1. Field Of The Invention:
The apparatus of the present invention relates to prefabricated composite drain structures, particularly useful in draining land areas such as golf courses. More particularly, the present invention relates to a sleeve-like coupling for coupling a lateral drainage line onto the principal drainage structure in a prefabricated composite drainage structure.
2. General Background:
The proper drainage of rain water from various types of land usage situations, such as buildings, streets, parks, recreational areas, is crucial in maintaining the integrity of the land for proper usage. In the present state of the art, one of the most effective means of drainage, for example, away from foundations of buildings, is through the use of prefabricated composite drainage structures which generally include an outer fabric such as a geotextile layer that accommodates the flow of water through the fibers yet filters out nearly all soil particles being carried along the flow of water. There is further included an inner core which consists of a flexible polystyrene core, which is presently covered under U.S. Pat. Nos. 3,563,038 and U.S. Pat. No. 3,654,765 which consists of a flexible polystyrene core member having a plurality of raised portions throughout the surface of the core layer so that the surrounding fabric does not collapse against the inner core as the water is filtered therethrough, yet the spaced apart raised members provide a flow space therebetween for flow of water out of the core member structure following the flow through the fabric layer. This prefabricated composite drain for major structure land areas has become a known replacement for the aggregate or "French Drains".
Another important use of the composite drainage structure in addition to the drainage of water around large structures such as buildings, is to utilize the drainage structure in a somewhat different mode for drainage of land areas, more particularly for drainage of golf courses or the like. What is provided is that the internal flexible polystyrene core member is cut into strips approximately 3 inches to 1 foot high, with 6 inches being the most common. The strips of polystyrene are placed within a geotextile fabric sleeve, with the sleeve covering the continuous strength of the strip. A ditch or the like is dug in the land along the border of the land to be drained in the appropriate water collection support points, and the structure is laid on edge within the ditch, and would be back filled with sand or native soils. Therefore, as water flows, due to rain, irrigation or the like, would force the water through the geotextile filter, to the inside of the polystyrene core down to the drainage point in the land, the hydro static pressure would force the water through the geotextile outer fabric filter layer, to the inside of the strip in the flexible polystyrene core. Once the water has entered the free flowing area it continues to flow along the plastic core with no internal pressure to force it back to the outside. As long as there prevails a minimum slope of 1%, water will continue to flow to an outlet point such as a collection basin, outlet pipe or larger drainage canal.

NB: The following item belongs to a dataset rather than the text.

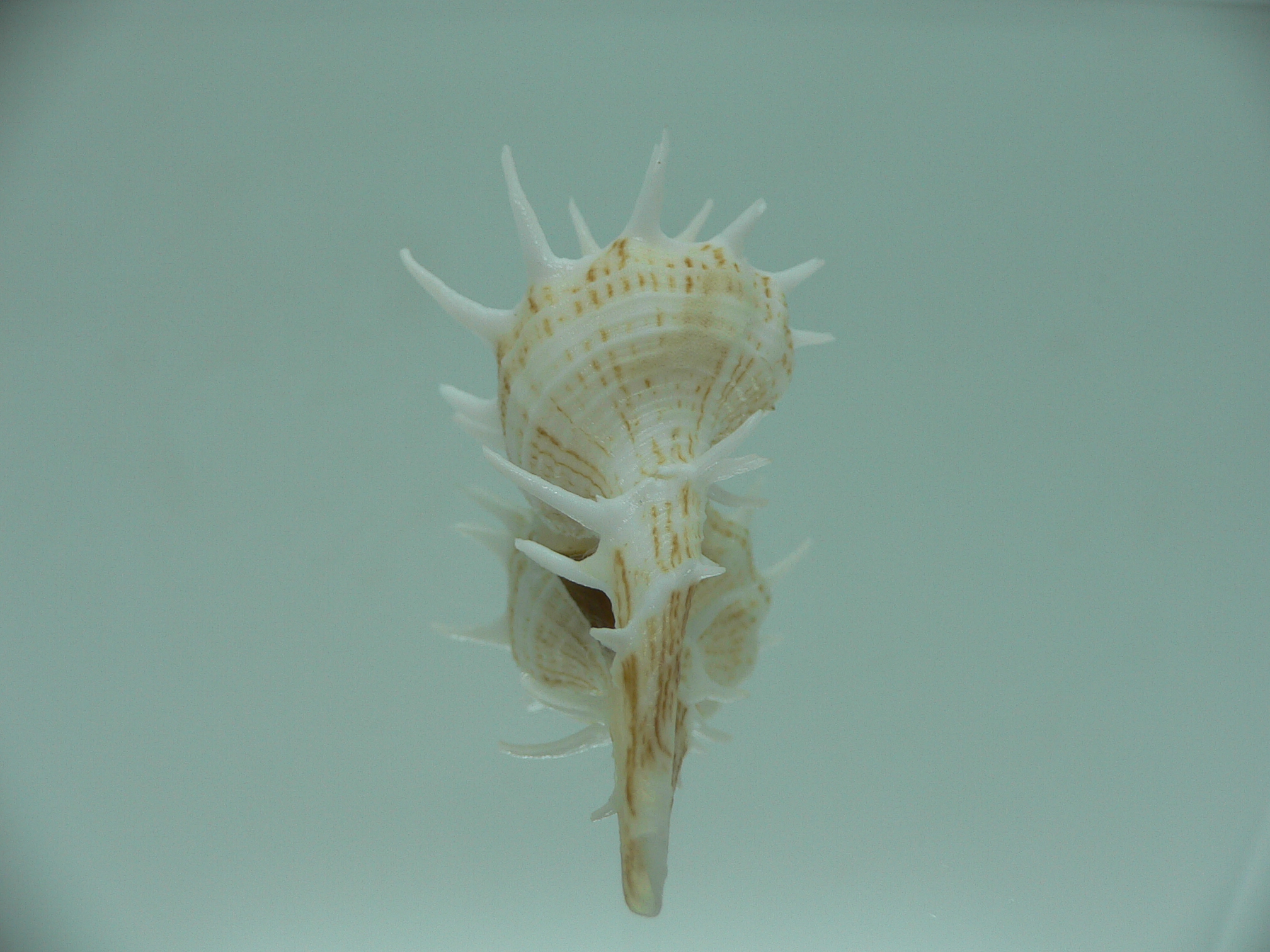 Tudivasum armigerum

In order to drain wide areas as efficiently as possible a system of lateral drains are used to collect water from areas outside of the collection areas serviced by the main line. These laterals funnel the water into one main drain which is used to carry all of the collected water to the collection basin, outlet pipe, or larger drainage canal. It has been learned that a series of lateral drains flowing into the main drain structure provides additional water to be channeled into the main structure, and at the point where the water flow enters the main drain structure from the lateral drain structure, the velocity of water flow can be increased if the water from the lateral drain enters the main drain at the correct angle, and enters without any interference. In attempting to form a proper juncture at the point where the lateral drain structures feed into the main drain structure, a continuing problem has arisen. Due to the fact that both the main drain line and the lateral lines have internal polystyrene core with the filter fabric sleeve surrounding it, it is necessary then that the water from the lateral drain lines flow easily into the main drain line. This is accomplished basically in two methods.

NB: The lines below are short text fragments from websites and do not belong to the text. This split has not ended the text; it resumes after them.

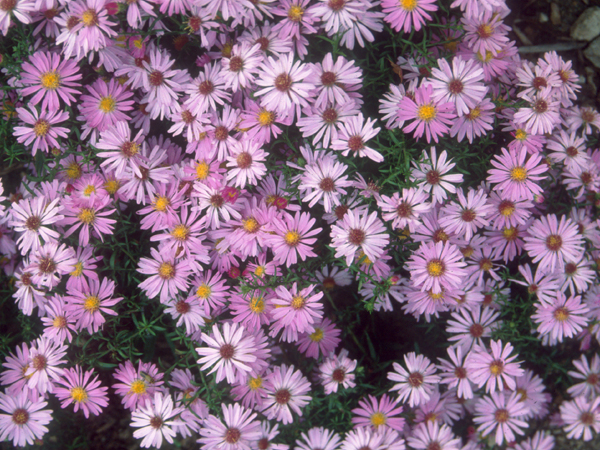 Wood's Pink Aster : 1 Gallon
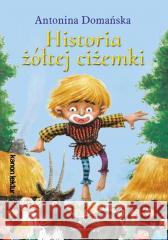 Historia żółtej ciżemki Antonina Domańska 9788382799446 Siedmioróg - książka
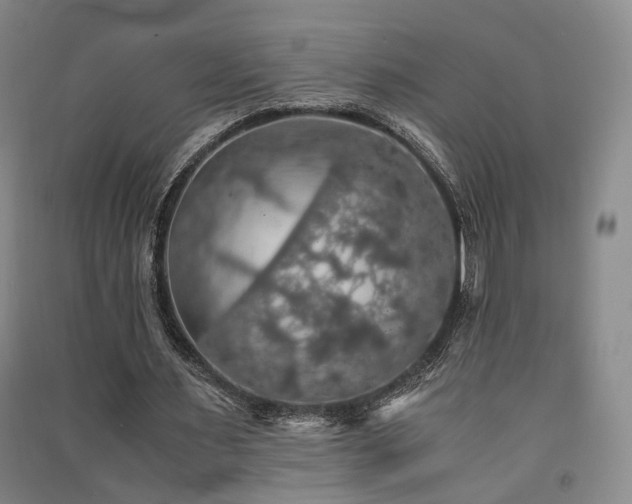 X0000091550483200708171308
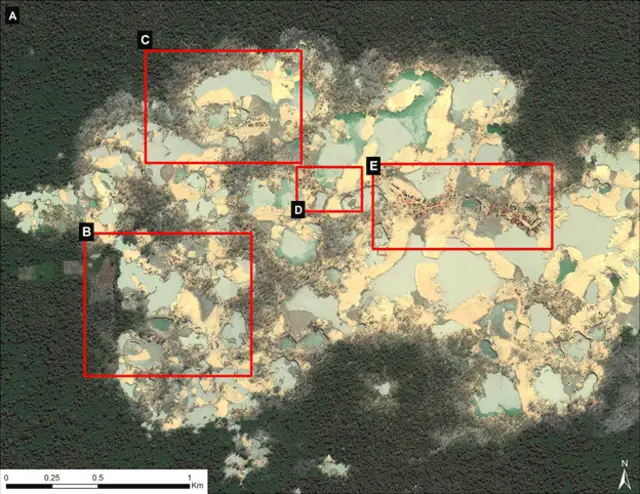 El área afectada está a tan solo 6 Km de la reserva de Tambopata. 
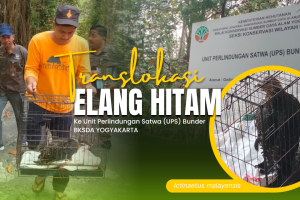 Penyelamatan dan Translokasi Anakan Elang Hitam di TN Gunung Merbabu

The first method would encompass having the one end portion of the lateral drain line angularly abut the outer surface of the fabric filter, without actually breaking into the core area. The result would be that as the water flow flows out of the lateral drain line and into the surrounding media it must then be reabsorbed through the filter fabric of the main drain line so that it passes into the water collection space of the core members and likewise flows along the main flow. This presents two problems. One being that water flow must be interrupted in order to be reabsorbed through the fabric surrounding the main drain line prior to continuing on its flow. Secondly, the feed of the lateral must necessarily be left open to allow the water to exit freely. This makes it very possible for dirt to naturally enter this lateral line at this point. As the water table rises and falls, over a period of time, this could severally clog the lateral drain.
The second method is to cut a window in the fabric of the main line, and insert an end portion of the lateral drain line angularly into that window so that the main drain line makes direct contact into the internal flow spaces of the internal core member. This method also has its shortcomings. One short-coming is the fact that the fabric layer or the core member of the lateral line often times projects into the interspaces between the projections of the core member and impedes the flow of water through the main line acting as a barier in that flow space. If this problem can be overcome, the second serious problem is that the window in the main drain line, while accommodating a structure of the lateral drain, also allows foreign particles, which have been henceforth filtered by the fabric, to enter the water flow, for example, dirt or the like, and ultimately impede the flow to the point where it can become blocked as dirt would accumulate between the projections in the core member.
Therefore, what is needed is a method or structure for accommodating the juncture point of a lateral flow line into a main flow line for solving the problems as were discussed earlier.